Heather Baker
Why did you decide to pursue a graduate degree?
I got involved with research pretty early and extensively in my undergraduate degree in biochemistry at the University of Alberta. The first research project I got to be part of was on developing a better cyan fluorescent protein. Although at the time I hardly knew anything about biochemistry, I was so excited to carry out the next experiment. This theme continued throughout my degree, and I found opportunities to work in several different labs. It was so rewarding to be part of different research projects and to push science forward in unique ways. I ended up doing my undergraduate honours thesis on a topic related to protein quality control in different cell types, which sparked my interest in the field and its implications in neurodegenerative disease. I knew I didn't want to stop my research career here - there was still so much I wanted to learn! Pursuing a PhD seemed like the next logical step, as I wanted to start to take ownership and drive my own project forward. I was able to find an awesome lab doing research on protein quality control at UBC that aligned with my research interests.

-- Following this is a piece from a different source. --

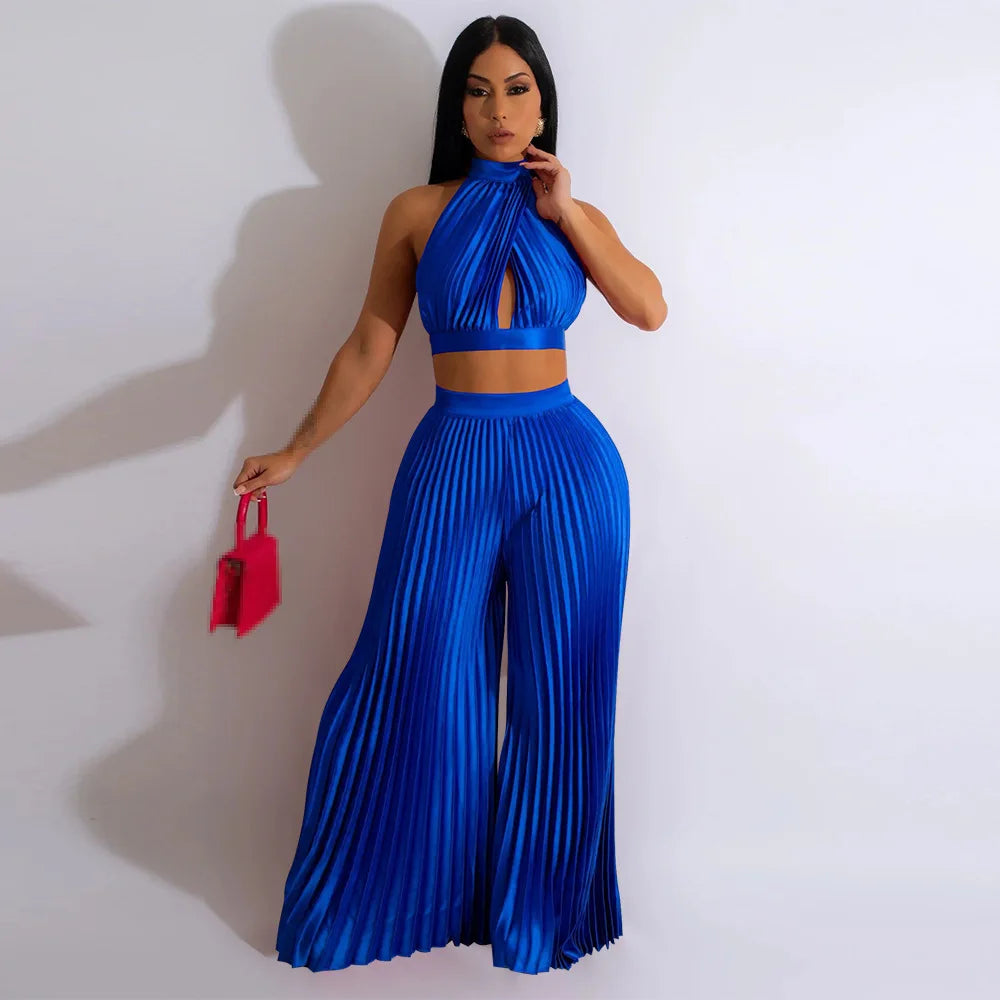 Halter Top & Wide Leg Pant Set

Why did you decide to study at UBC?
A big part of what brought me to UBC was the research. Professor Thibault Mayor’s research interests in proteostasis, aging, and using proteomics tools to explore these topics were what drew me to the idea of a PhD at UBC. The Department of Biochemistry and Molecular Biology (BMB) also seemed like such a supportive and productive environment for graduate students, with excellent and collaborative research taking place. The Mayor Lab is also part of the Michael Smith Laboratories, and I loved the idea of being part of an interdisciplinary research group. Finally, I loved the idea of living in Vancouver. It is such a beautiful, multicultural city. The proximity to the oceans, mountains, and lakes is unbeatable. It seemed like a no-brainer to not only have the opportunity to live in Vancouver but to carry out really cool research at an excellent university like UBC.

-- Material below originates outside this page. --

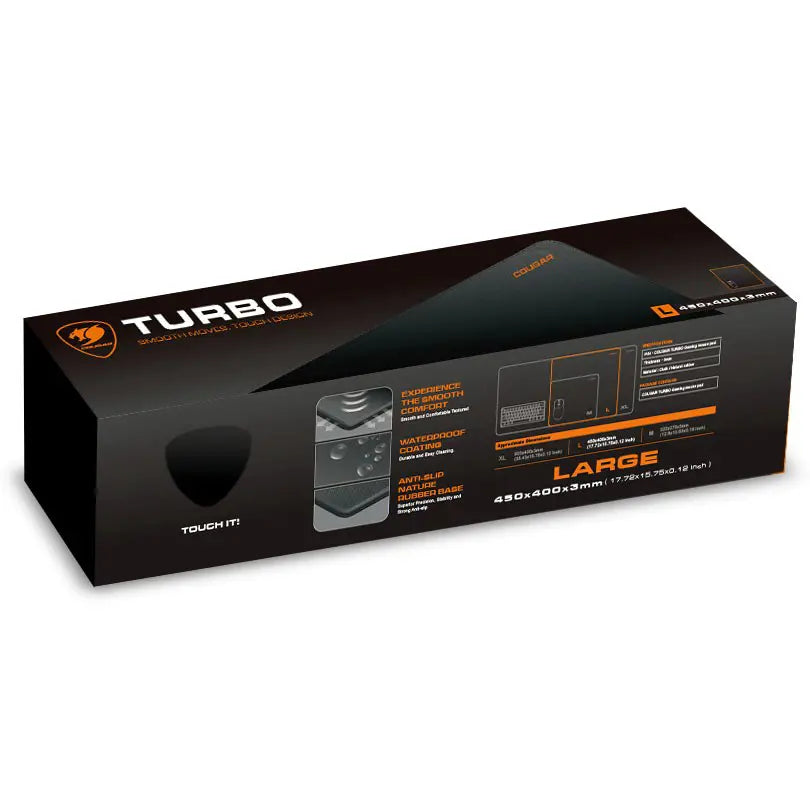 Cougar TURBO Large Gaming Mouse Pad, 450x400x3mm, Micro-Weave Surface, Dual-Layer Waterproof Coating, Anti-Slip Natural Rubber Base, Black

What is it specifically, that your program offers, that attracted you?
The research from the Mayor lab is what really attracted me to join BMB. However, once I visited for the interview day, I was able to fully appreciate how vibrant and diverse the research topics in the department are. In addition, there seemed to be many opportunities to network with visiting speakers, present my research to my peers, and participate in collaborative research projects which were definitely aspects I was interested in.
What was the best surprise about UBC or life in Vancouver?
The weather! As someone who was born and raised in Alberta, I was used to long and cold winters with lots of snow. While I knew that the Vancouver climate was much milder, not having to deal with snow every winter is still the best surprise.
What aspects of your life or career before now have best prepared you for your UBC graduate program?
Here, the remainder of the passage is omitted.